• Faithful to my Homeland, the Republic of Poland



  • 9 May 2019

    The event brought together over 1,000 guests at Ambassador Piotr Wilczek’s Residence. In his remarks Ambassador Wilczek emphasized how together with this year’s anniversaries we celebrate “friendships and historic milestones that illustrate the unique connection between Poland and the United States.”

    Ambassador Wilczek reminded how, along with the 228th anniversary of the adoption of Poland’s May 3rd Constitution and the 100th anniversary of establishing official diplomatic relations between the United States and reborn Poland, we also observe thirty years since the elections that began Poland’s political transformation, twenty years since Poland’s accession to NATO and fifteen years since Poland joined the European Union.


    The event’s honorary guest was Republican Senator from Wisconsin Ron Johnson, Chairman of the Homeland Security and Governmental Affairs Committee and the Subcommittee on European and Regional Security Cooperation, part of the Senate Foreign Relations Committee. Senator Johnson connected his remarks to Ambassador Wilczek’s speech, calling attention to the common values – freedom, human dignity, democracy – which guided both the authors of the US Constitution and the Polish May 3rd Constitution.


    “The ocean separated the United States from European powers. Poland didn’t have this luck, which it why it lost its sovereignty, it lost its freedom – but Poles never lost their spirit,” Senator Johnson emphasized. He expressed his admiration for what Poland has achieved since the fall of communism: “Out of all the countries of Central-Eastern Europe that I’ve worked with, I think that Poland has achieved the greatest success (…) Thank you for your devotion and courage, since they played a pivotal role in opening up freedom for the rest of Eastern Europe and will play a role in opening up freedom for other people around the world.”


    During Tuesday’s event Ambassador Wilczek presented high state distinctions to ten Americans who aided Poland’s process of transition from communism and have promoted Polish-American relations: Jonas Martin Frost III, Mary Nell Bryant, William H. Robinson, Oscar Swan, Jeri Ann Thomson, Kristi E. Walseth, Nancy A. Davenport, Francis T. Miko, Walter J. Oleszek and Walter J. Stewart. Former State Department official Benjamin Schmitt was recognized with the Polish Ambassador’s Amicus Poloniae Award.

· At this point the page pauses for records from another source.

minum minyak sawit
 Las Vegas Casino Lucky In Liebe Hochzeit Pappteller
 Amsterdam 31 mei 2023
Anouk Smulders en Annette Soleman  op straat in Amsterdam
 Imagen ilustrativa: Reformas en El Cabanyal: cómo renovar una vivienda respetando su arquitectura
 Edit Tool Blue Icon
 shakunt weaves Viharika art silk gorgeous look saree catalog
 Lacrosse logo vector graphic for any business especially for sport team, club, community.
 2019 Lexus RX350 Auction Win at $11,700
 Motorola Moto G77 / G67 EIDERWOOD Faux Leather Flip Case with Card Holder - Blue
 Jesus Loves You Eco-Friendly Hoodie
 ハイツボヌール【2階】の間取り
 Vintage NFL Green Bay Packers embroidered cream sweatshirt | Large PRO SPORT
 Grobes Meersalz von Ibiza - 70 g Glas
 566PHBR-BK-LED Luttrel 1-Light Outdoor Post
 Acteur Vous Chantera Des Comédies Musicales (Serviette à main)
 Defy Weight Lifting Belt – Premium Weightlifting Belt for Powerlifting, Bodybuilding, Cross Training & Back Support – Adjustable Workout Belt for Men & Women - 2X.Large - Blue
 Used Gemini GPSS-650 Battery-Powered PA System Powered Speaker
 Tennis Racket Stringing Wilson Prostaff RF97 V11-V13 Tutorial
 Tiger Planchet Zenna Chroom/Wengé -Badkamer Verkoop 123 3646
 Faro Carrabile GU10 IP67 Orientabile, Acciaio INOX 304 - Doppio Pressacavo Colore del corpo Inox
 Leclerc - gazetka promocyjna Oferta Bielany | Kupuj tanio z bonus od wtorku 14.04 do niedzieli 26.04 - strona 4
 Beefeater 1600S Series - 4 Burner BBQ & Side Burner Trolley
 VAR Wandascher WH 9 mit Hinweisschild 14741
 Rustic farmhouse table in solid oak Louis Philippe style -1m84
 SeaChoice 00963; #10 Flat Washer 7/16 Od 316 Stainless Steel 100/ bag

    The celebration also included various artistic and educational elements. American soprano of Polish descent Laura Kafka-Price and Benjamin Schmitt, a former employee at the State Department, sang the Polish and US National Anthems with bravado. During the reception guests could also enjoy American and Polish jazz classics as well as jazz interpretations of popular Polish melodies performed by the Kuba Cichocki Trio, a Polish-American group based in New York City.


    Another addition was the exhibit Class of 1926 about the Polish Declarations of Admiration and Friendship for the United States, a gift from the Polish people to America on the 150th anniversary of its independence. The volumes of the Declarations were digitized thanks to the joint effort of the Polish Library in Washington and the Library of Congress, with the support of Poland’s Ministry of Foreign Affairs and individual donors. The exhibit was prepared by our Embassy.


    Representatives of the Polish government at the event included Tomasz Szatkowski, Undersecretary of State at Poland’s Ministry of Defense. Among the evening’s guests were members of the US government and Congress, diplomatic corps, prestigious Washington think tanks and cultural, scientific and media groups (both Polish and American), as well as students and leaders of the Polonia community.